Hip Pain - Labral Tears
In the last 10 years, acetabular labral tears have been increasingly recognized as a potential cause of hip pain and disability. However, pain in the hip and groin region can be due to a number of causes, and accurate clinical diagnosis is challenging. The following is a summary of a recent paper examining what we currently know about diagnosing symptomatic labral tears.
Depending on which study is quoted, the prevalence of acetabular labral tears (ALT) in patients with hip or groin pain ranges from 22% to 55%. In one study, a labral tear was identified in 90% of patients with ‘mechanical’ hip symptoms. However tears are common and frequently asymptomatic. 96% of cadaver hips (mean age 78 years) had ALT, and 74% of these were in the anterosuperior region of the joint.
Currently, diagnostic tools include clinical history, examination, MRI, MRA (MR arthrogram), CT arthrogram, and diagnostic anaesthetic blocks.
Causes: The literature identifies possible causes as traumatic, congenital (eg dysplasia), degenerative, capsular laxity, and idiopathic. It has been found to be associated with femoro-acetabular impingement (FAI) and iliopsoas tendon impingement.

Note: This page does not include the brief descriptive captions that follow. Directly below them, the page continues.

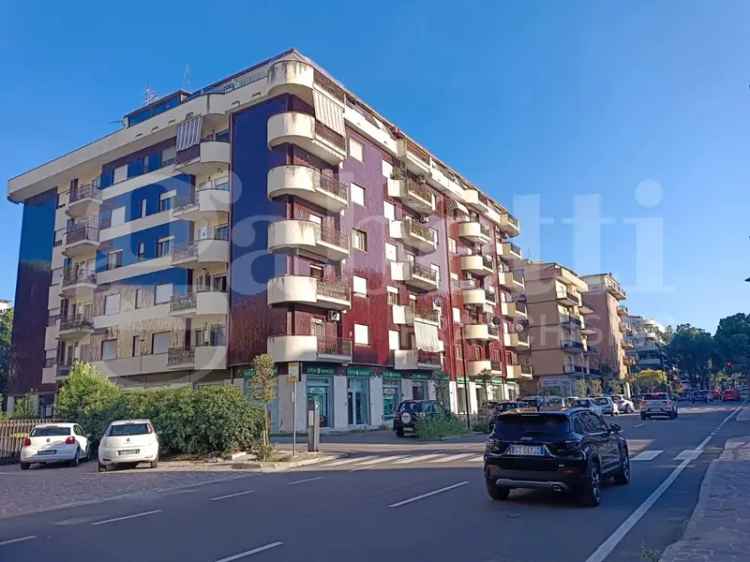 Appartamento in Via Don Minzoni 115, Rende, 10 locali, 3 bagni, 260 m²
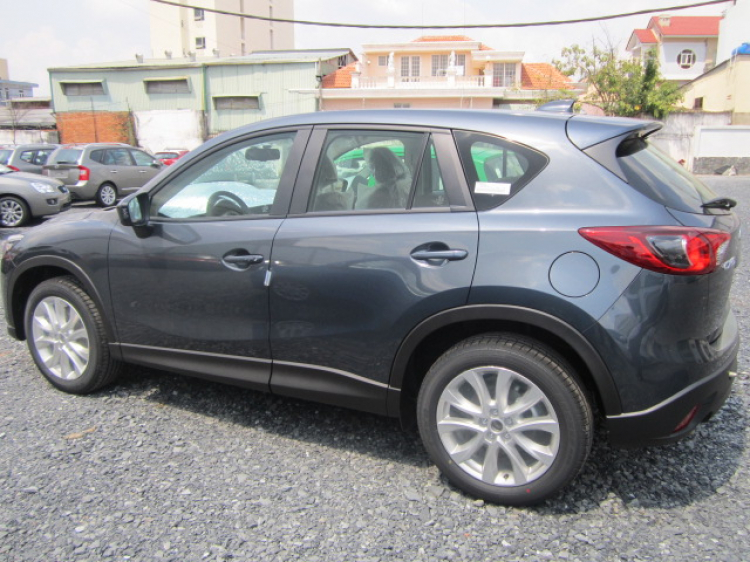 Mazda CX5 đã về Mazda Phú Mỹ Hưng (Update lô mới 11/10/2012 với màu Đen huyền bí).:D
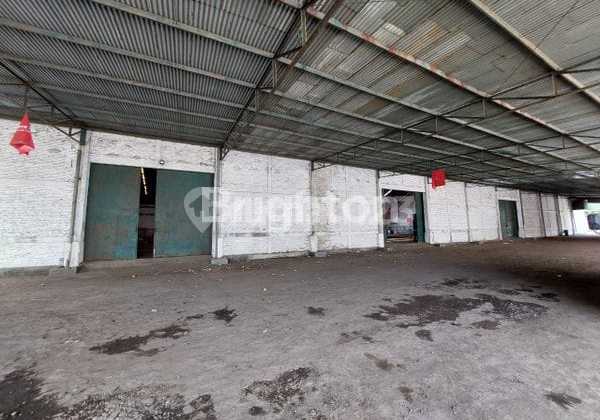 WAREHOUSE WITH WIDE CONTAINER ACCESS NEAR MALANG CITY TOLL GATE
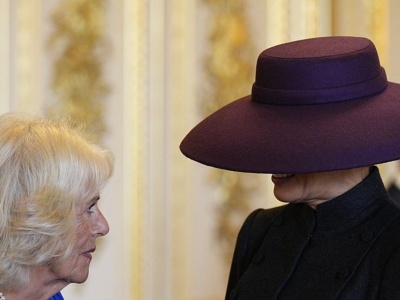 Melania Trump znów zasłoniła twarz. Komentatorzy mówią o wymownym geście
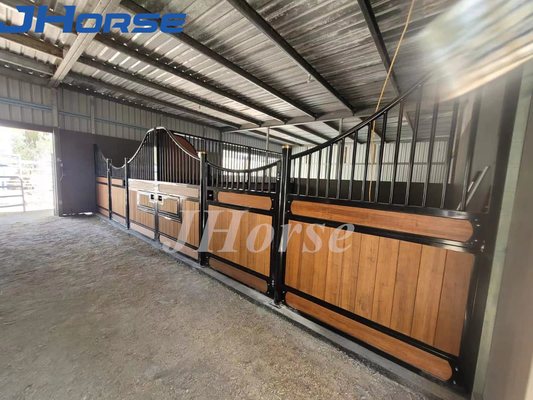 Remplissage en bois de type bambou European Horse Stall Fronts Design personnalisé à l' intérieur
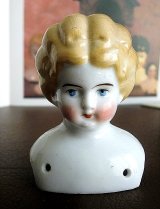 アンティークのドールヘッド　ブロンド　７ｃｍ　チャイナヘッドドール　　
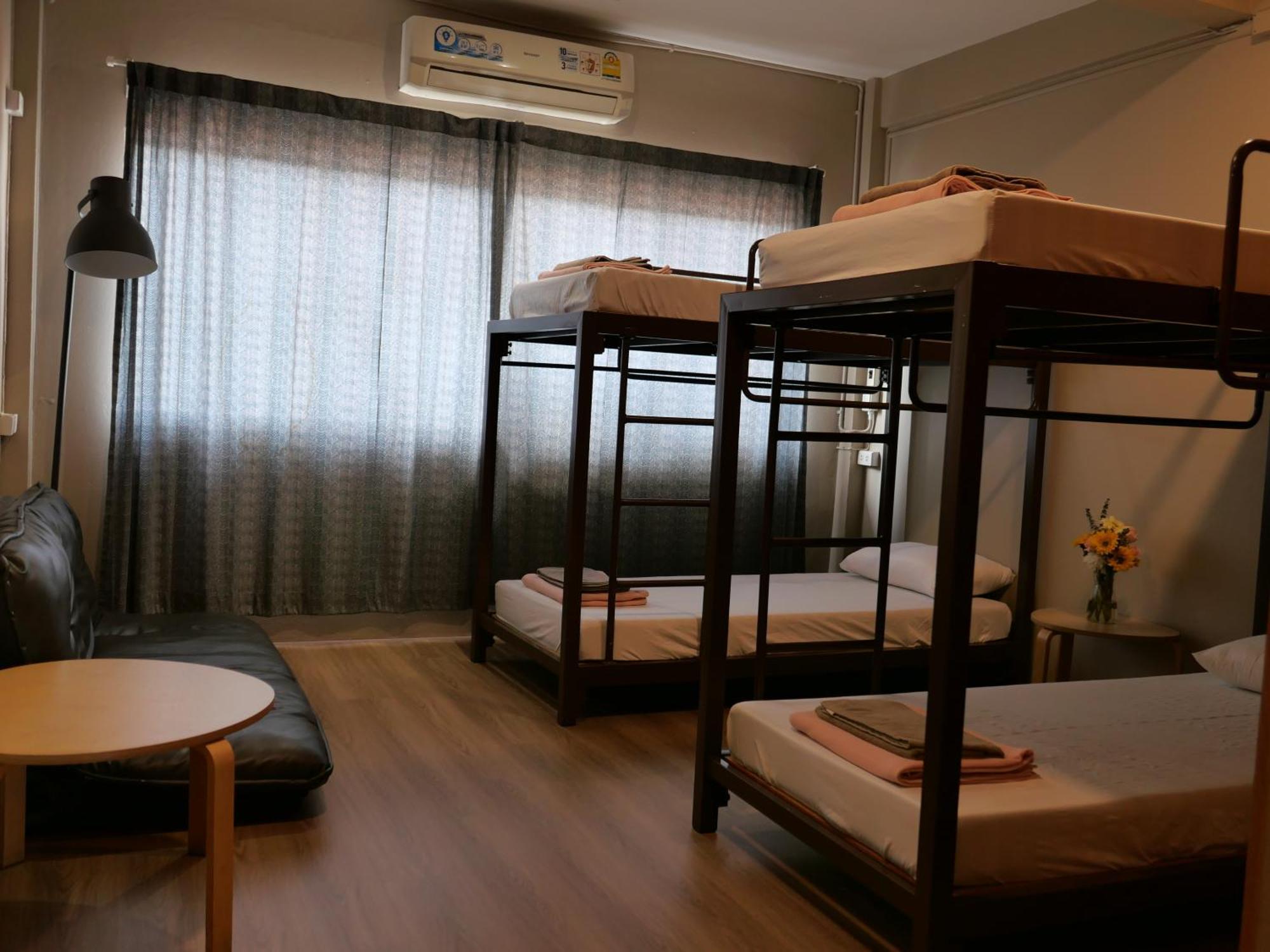 Films House Hostel 방샌 외부 사진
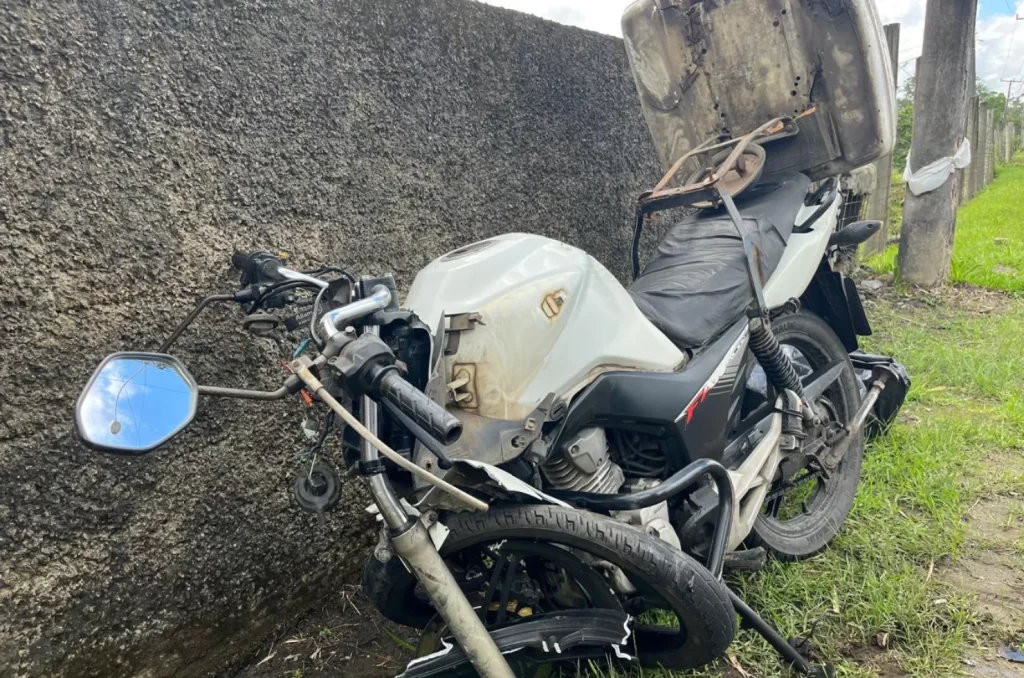 Motociclista fica gravemente ferido após bater de frente com carro em Criciúma 1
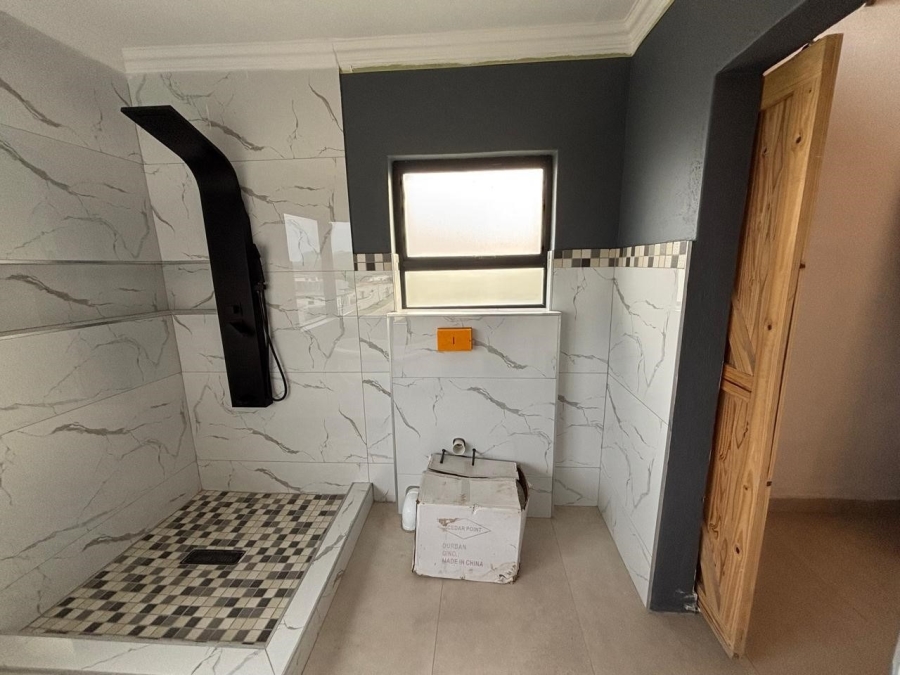 5 Bedroom Property for Sale in Elawini Lifestyle Estate Mpumalanga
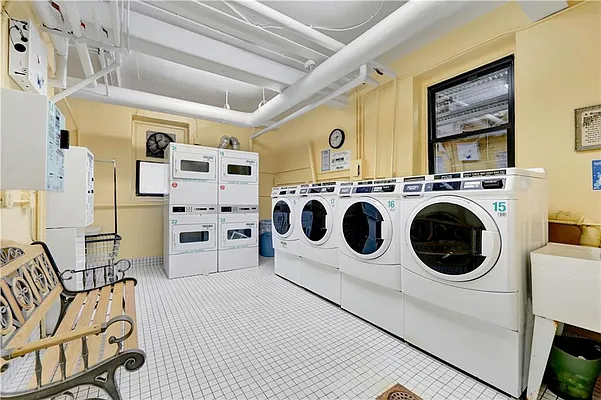 Sold by REMAX Elite | media 28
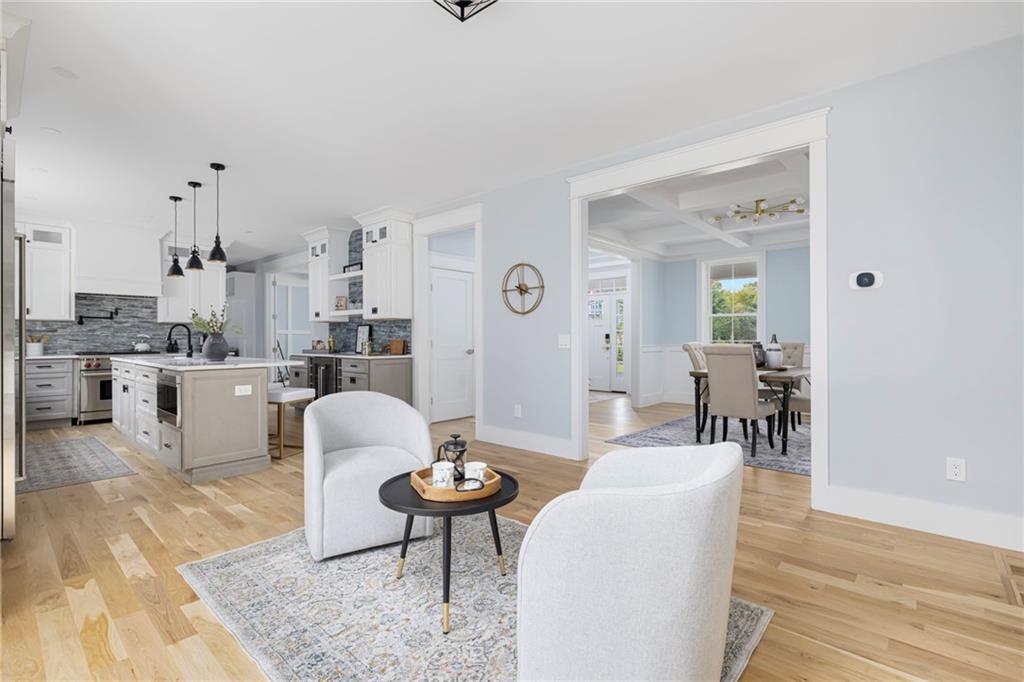 East Greenwich, Rhode Island, 02818, United States, 5 Bedrooms Bedrooms, ,4 BathroomsBathrooms,Residential,Active,1993976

History: Most are characterized by an insidious onset of symptoms. Pain will generally be in the anterior region of the groin, and worse with prolonged standing, sitting or walking. The pain will often be described as sharp, and sometimes there will be clicking or a sensation of giving way. Pain can refer into the buttock and anterior thigh. Predisposing factors include a history of repetitive twisting or pivoting in a flexed position while weight-bearing. The sports most associated are tennis, ballet, hockey, football, & soccer.
Examination: These findings do not provide an accurate diagnosis in isolation, but are considered with all other findings. As with degeneratiuve hip disease, pain &/or restriction is generally reproduced with combined flexion, adduction, internal rotation. An antero-to-posterior glide in slight flexion & internal rotation may also reproduce symptoms.
Imaging: both ALT & FAI are common in asymptomatic individuals, so results need to be correlated with all other assessment findings.
X-ray: Include weight-bearing AP, lateral, and possibly Dunn (flexion 90° / abduction 20°) or modified Dunn (flex 45° / abduct 20°) views. X-ray is useful to assess for abnormal morphology of the acetabulum & femoral head, including FAI or dysplasia.
MRI: This provides excellent visualization of the fibrocartilaginous labrum, and will also be useful for assessing joint morphology.
Reiman, M et al (2014). Examination of acetabular labral tear: a continued diagnostic challenge. BJSM, 48, 311-319.